I feel compelled to write a disagreement. I've been running GlusterFS for 6 months with 15TB of data on a 43TB cluster using 5 servers with zero issues. I have no idea what your particular combination of bad luck was, but I don't think your experience is truly reflective of the product, the team, or Red Hat's sensibilities.
You're living the dream then, and I'm glad to hear this is possible. :)
Do you mind sharing which GlusterFS version you're on, which kernel, and roughly what your load profile is? (eg. lots of small files, read-heavy, write-heavy, etc.)
Also, are you using Red Hat Gluster Storage or the open source version?
Last time I tried GlusterFS was in 2012. The way it worked was very impressive back then and I would have loved to actually put it into production.
Unfortunately, I hit a roadblock in relation to enumeration of huge directories: Even with just 5K files in a directory, performance started to drop really badly to the point where enumerating a directory containing 10K files would take longer than 5 minutes.
Yes. You're not supposed to store many files in a directory, but this was about giving third parties FTP upload access for product pictures and I can't possibly ask them to follow any schema for file and folder naming. These people want a directory to put stuff to with their GUI FTP client and they want their client to be able to not upload files if the target already exists. So having all files in one directory was a huge improvement UX-wise.
So in the end, I had to move to nfs on top of drbd to provide shared backend storage. Enumerating 20K files over NFS still isn't fast but completes within 2 seconds instead of more than 5 minutes.
Of course, now that we're talking about GlusterFS, I wonder whether this has been fixed since?
I started using Gluster this last fall. At first it was not a contender - the articles I read were not encouraging. However many of this articles were older and it appears a lot of progress has been made with Gluster since version 3.5
It maybe worth a second look - however a directory with a large file count still might be a problem
Couldn't your FTP server have handled this in a clever way? For example, sort in directories by first letter, then by first two letters. While still providing a virtual flat view to the FTP client user. It'd be a simple mapping away.
I'm not sure what is announced here. Gluster FS is for few years already (version 3.6 now), while the article doesn't mention that there is started any managed service based on it. It is more like reminder that you can set up distributed file system on your cloud servers using Gluster. Not even any step-by-step tutorial how to do that.
That's what I find confusing. Was it not available before now? Couldn't you just spin up some Red Hat instances and run it? It's not clear what's actually being announced - it doesn't sound like a managed service.
How this availability will be implemented then? I can install it now, so it is already available for me. Will they provide a service like Amazon Elastic File System?
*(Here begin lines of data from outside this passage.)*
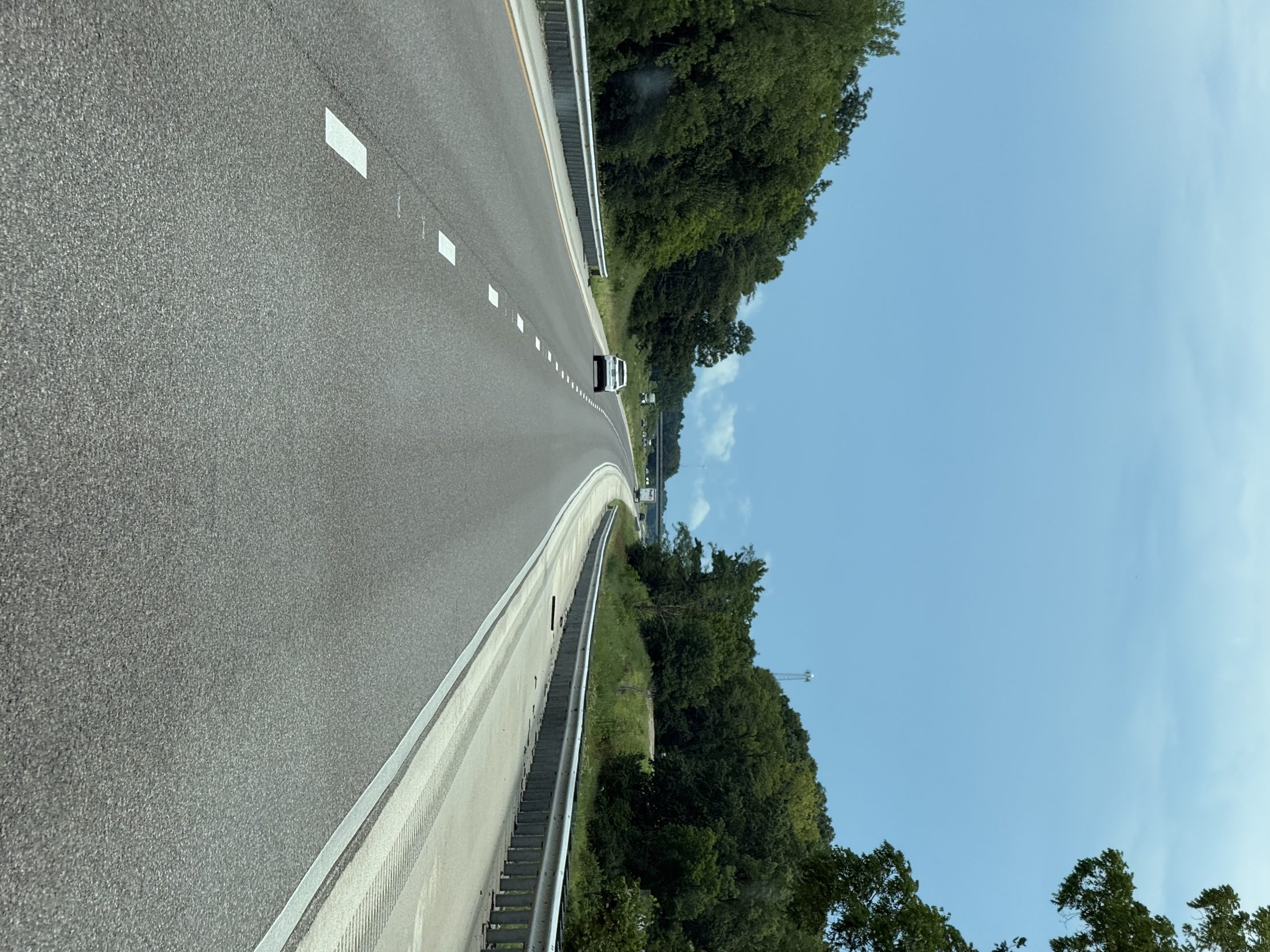 Green trees lining I-70 again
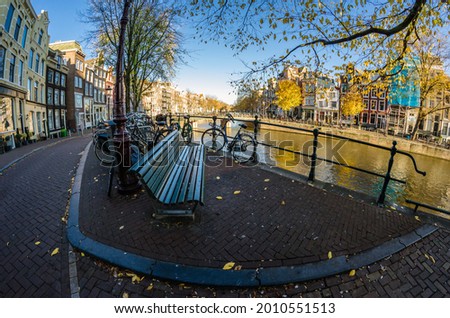 Similar – Foto Bild Architektur niederländischer Häuser Fassade und Hausboote am Amsterdamer Kanal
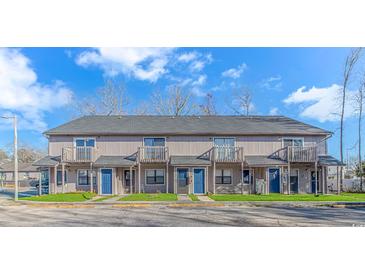 Two-story townhome exterior featuring individual balconies, blue doors, and well-maintained landscaping under a bright sky at 110 Horizon River Dr. # I-2, Myrtle Beach, SC 29588
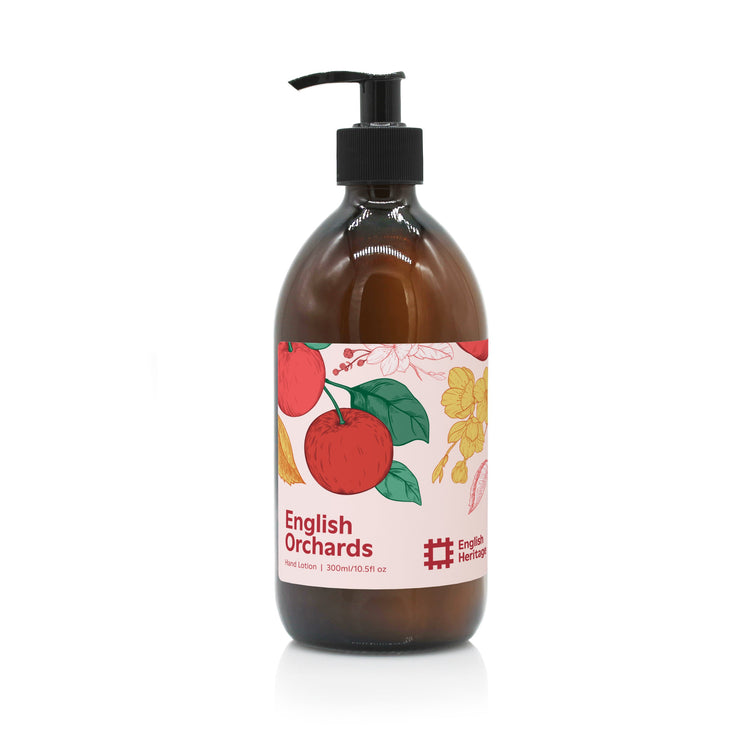An English Heritage English Orchards apple scented moisturising hand and body lotion in amber glass bottle with black lotion pump and apple illustrated label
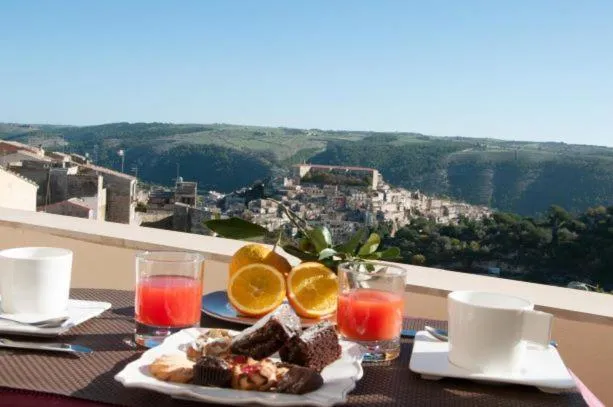 Une table avec des pâtisseries, des fruits et des boissons offre une vue sur un paysage urbain et montagneux.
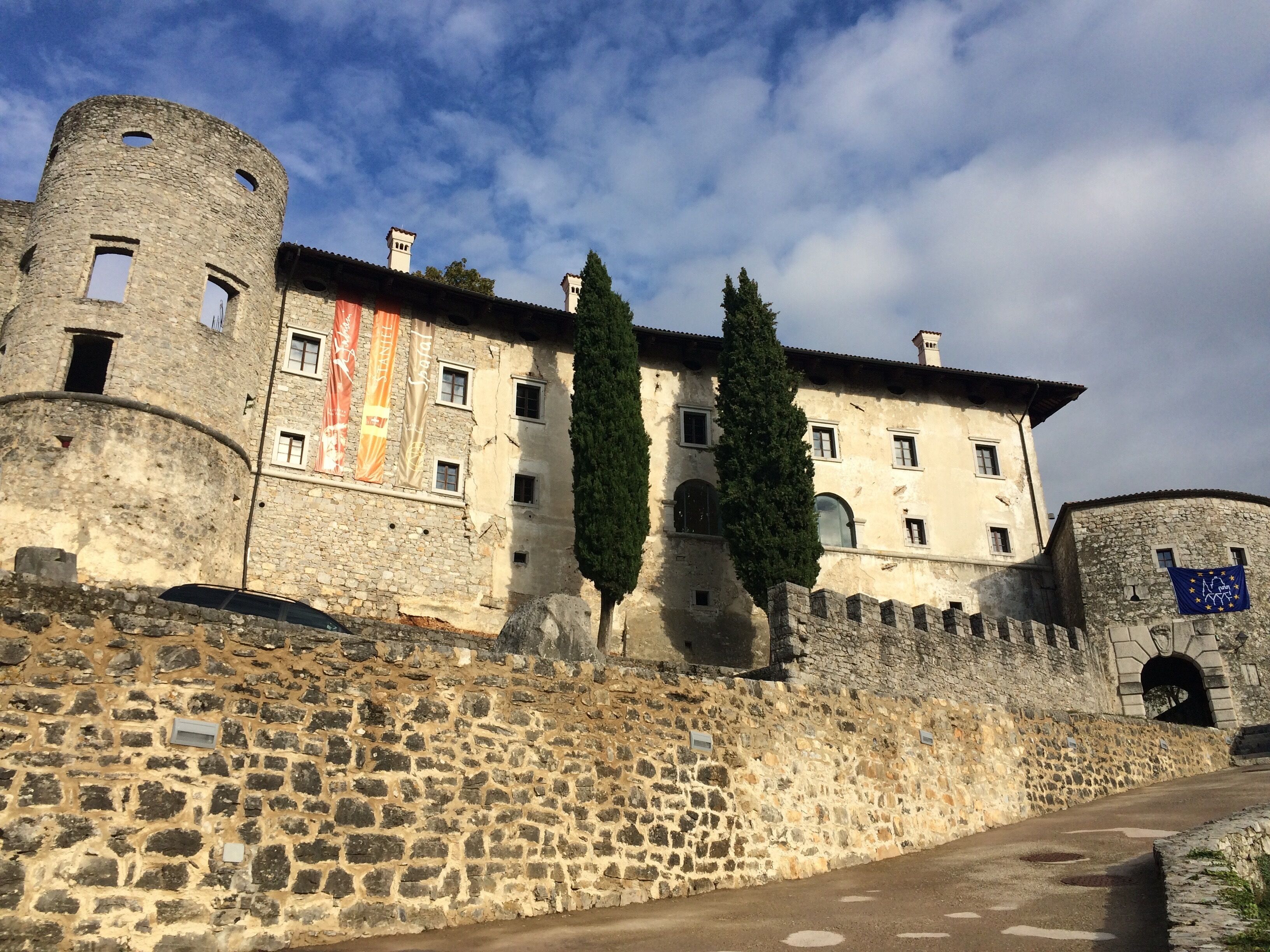 Un bâtiment historique en pierre, doté d’une tour ronde, de fenêtres en arc de cercle et d’un drapeau.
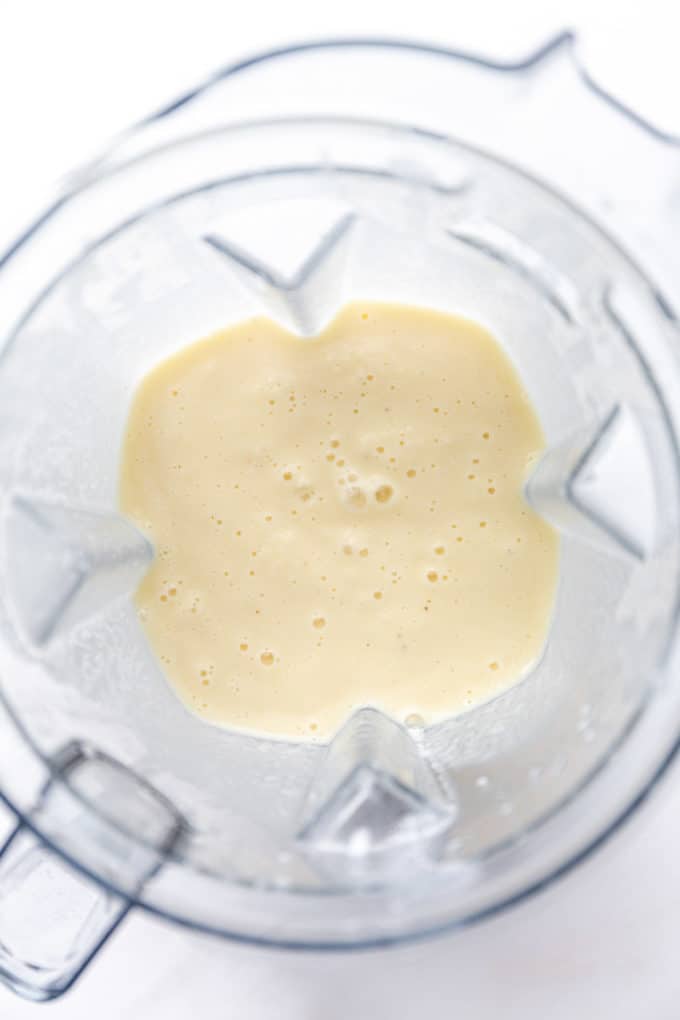 pina colada smoothie in a blender container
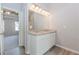 Elegant bathroom vanity with double sinks, granite countertop, and decorative lighting at 6462 Beaver Creek Trl, Atlanta, GA 30349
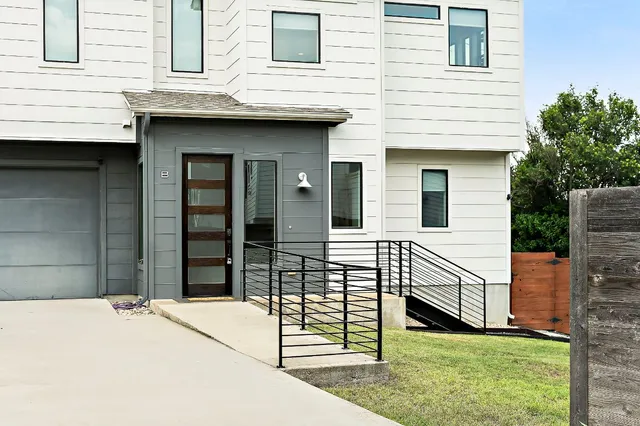 a front view of a house with garage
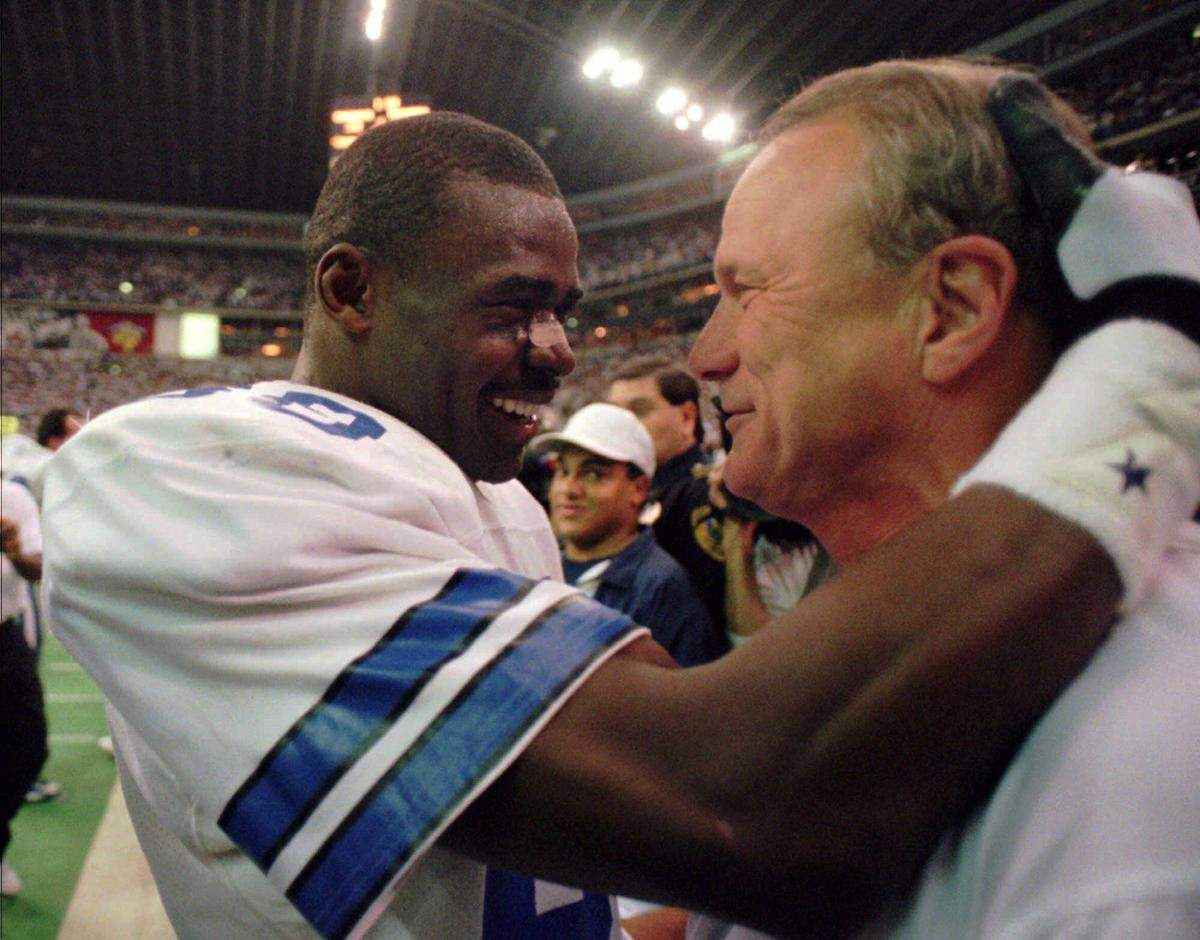 The last time the Dallas Cowboys won at least two playoff games in a season was in January 1996, the year they won their last Super Bowl. Michael Irvin, left, and head coach Barry Switzer led the Cowboys over the Green Bay Packers 38-27 in the NFC Championship at Texas Stadium on Jan. 14, 1996. Dallas has won three playoff games combined in the 21 years since.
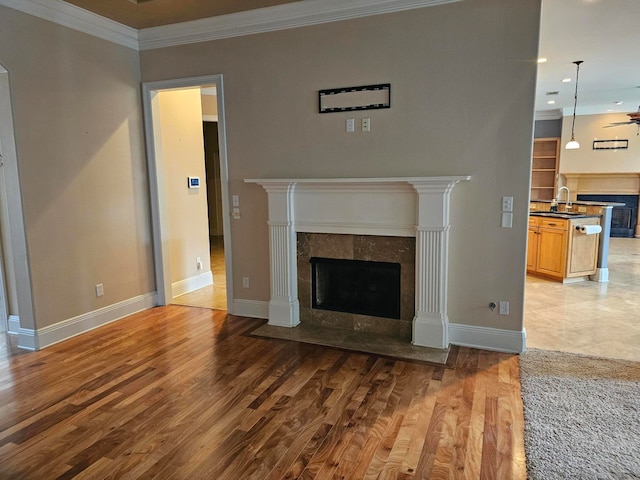 unfurnished living room featuring sink, a tiled fireplace, hardwood / wood-style floors, ornamental molding, and ceiling fan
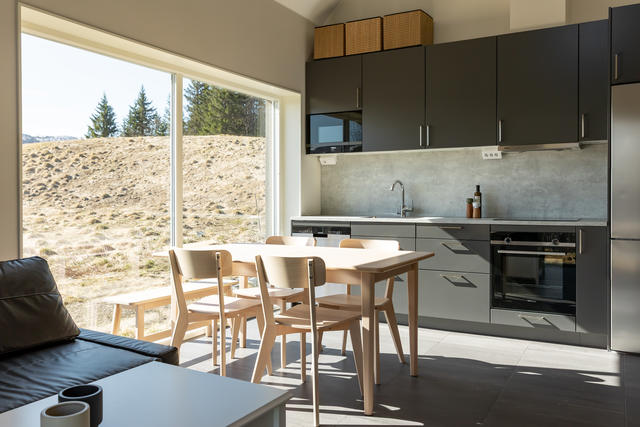 Kök och vardagsrum i öppen planlösning med stora fönsterpartier mot söder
Or there will be some pre-configured images?
I think, though I'm not sure, that its an official, active support relationship between Google and Red Hat for GlusterFS on GCE, related to Red Hat's vendor certification programs.
If so, this seems like the kind of thing that has the most impact on people with support contracts with Red Hat, but should also have peripheral impacts on the stability, quality of support, etc., of the product on the GCE platform generally.
Basically, GlusterFS is trying to solve a hard problem: make distributed/remote filesystem to feel like a local filesystem for applications built on top of it. For the client, you can choose from NFS, SMB or its homemake fuse client, which makes the remote system accessible as if everything is on local file system. I used to build similar systems in house and find it extremely painful to design and maintain, we did lots of custom hacks to make our system to suit our need. GlusterFS, as a general solution, won't have that much flexibility and may or may not suit your custom needs.
Overall, I feel AWS S3 is a better (or at least simpler) approach. Just acknowledge that files are not locally stored and use them as is. AWS is experimenting EFS as well, which we found not as desirable as well.
Edit: I am not saying that you cannot make GlusterFS or EFS perform great. My appoint it that it's hard to do so, and might not worth the effort to develop such a system given that S3 can serve most needs of distributed file storage.
aren't you comparing apples to oranges? S3 is an object store (and non POSIX.. Also only eventually consistent).. GlusterFS is neither of those. They simply solve different problem spaces
Parent is saying that it might be simpler for many applications to forgo the need for a file system abstraction and just use S3's more limited API directly. That way, you don't get bit by thorny edge cases like "ls" of 10K files taking orders of magnitude more time than you'd expect give you're used to the speed of a local disk.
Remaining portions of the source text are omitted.